Then, in the anchor portion of your recursive cte, select the first ordering for each patient, mark the status as 'new', and also mark the apptDate as the date of the most recent 'new' record.
In the recursive portion of your recursive cte, increment to the next appointment, calculate the difference in days between the present appointment and the most recent 'new' appointment date. If it's greater than 30 days, mark it 'new' and reset the most recent new appointment date. Otherwise mark it as 'follow up' and just pass along the existing days since new appointment date.
Finallly, in the base query, just select the columns you want.
with orderings as (
select *,
rn = row_number() over(
partition by patientId
order by apptDate
)
from #appt1 a
),
markings as (
select apptId,
patientId,
apptDate,
rn,
type = convert(varchar(10),'new'),
dateOfNew = apptDate
from orderings
where rn = 1
union all
select o.apptId, o.patientId, o.apptDate, o.rn,
type = convert(varchar(10),iif(ap.daysSinceNew > 30, 'new', 'follow up')),
dateOfNew = iif(ap.daysSinceNew > 30, o.apptDate, m.dateOfNew)
from markings m
join orderings o
on m.patientId = o.patientId
and m.rn + 1 = o.rn
cross apply (select daysSinceNew = datediff(day, m.dateOfNew, o.apptDate)) ap
)
select apptId, patientId, apptDate, type
from markings
order by patientId, rn;
I should mention that I initially deleted this answer because Abhijeet Khandagale's answer seemed to meet your needs with a simpler query (after reworking it a bit). But with your comment to him about your business requirement and your added sample data, I undeleted mine because believe this one meets your needs.

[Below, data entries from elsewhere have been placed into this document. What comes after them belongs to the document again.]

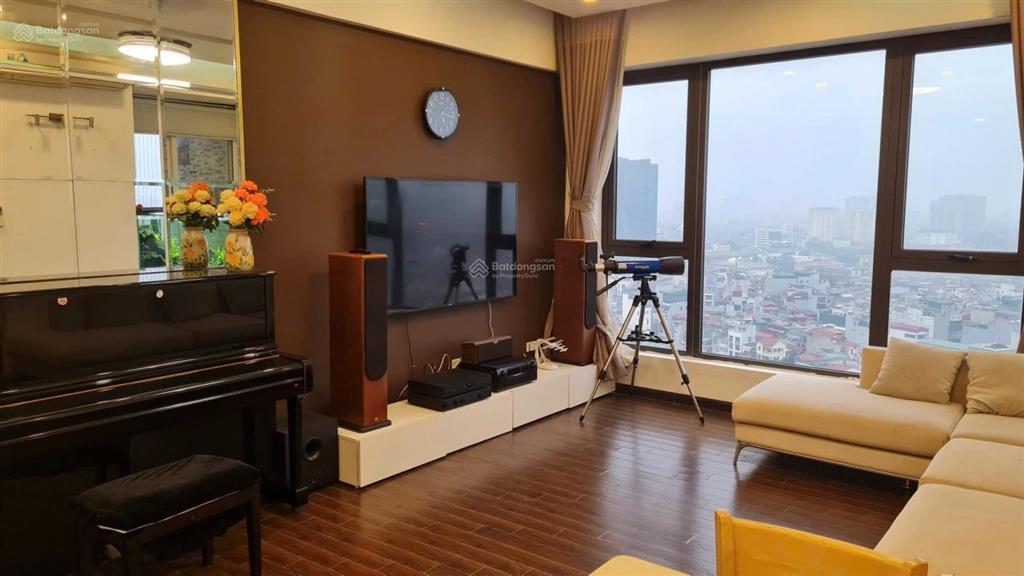 Bán gấp căn hộ lô góc ngã 4 sở  2n2wc  phố hoàng văn thái  tt thanh xuân  ở luôn  sổ lâu dài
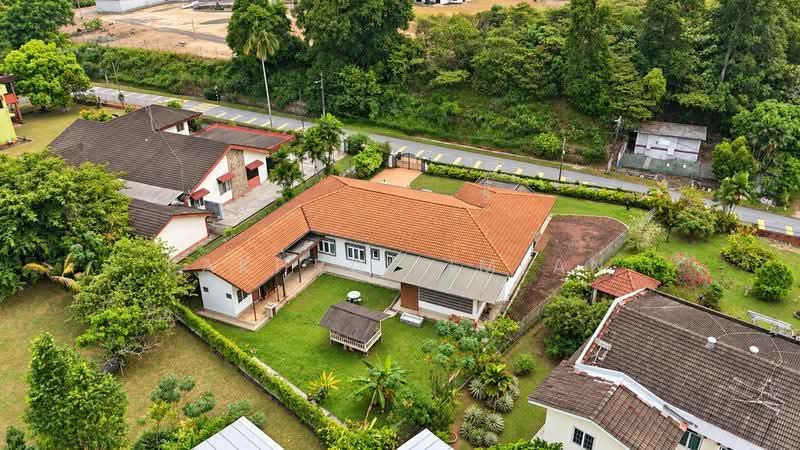 Rumah Banglo untuk Dijual di Taman Stulang Laut (Johor Bahru) - Fakhrul Imlan - Exterior - PropertyGuru.com.my
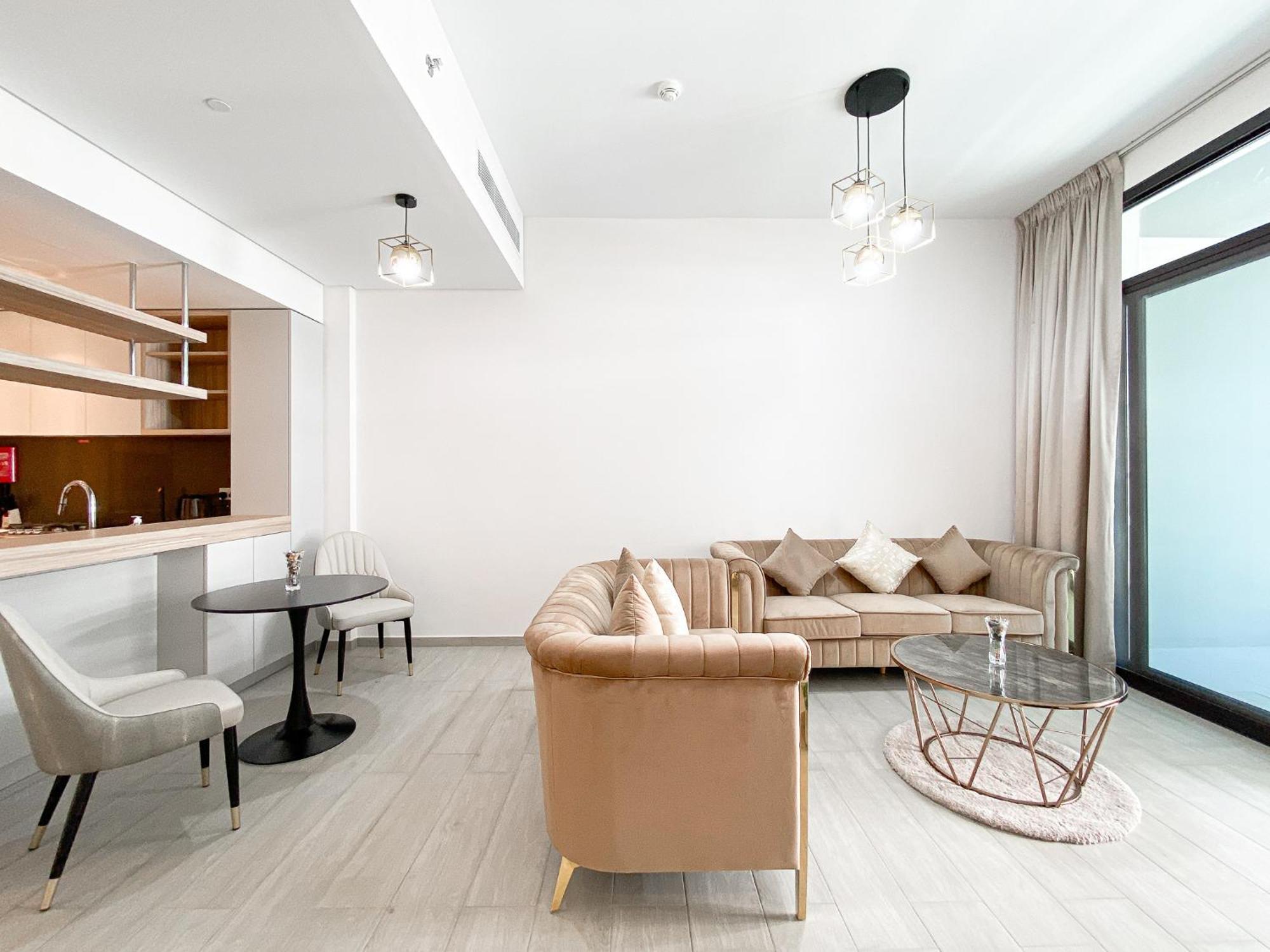 Wilton Terrace Charm- Stylish 1-bedroom In Mbr With A Poo View *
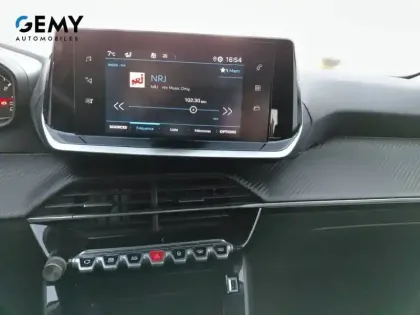 Photo 11 Peugeot 2008  PureTech 100 S&S BVM6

I'm not sure that it's exactly what you implemented. But another option, that is worth mentioning besides using cte, is to use temp table and update in "rounds". So we are going to update temp table while all statuses are not set correctly and build result in an iterative way. We can control number of iteration using simply local variable.
So we split each iteration into two stages.
Set all Followup values that are near to New records. That's pretty easy to do just using right filter.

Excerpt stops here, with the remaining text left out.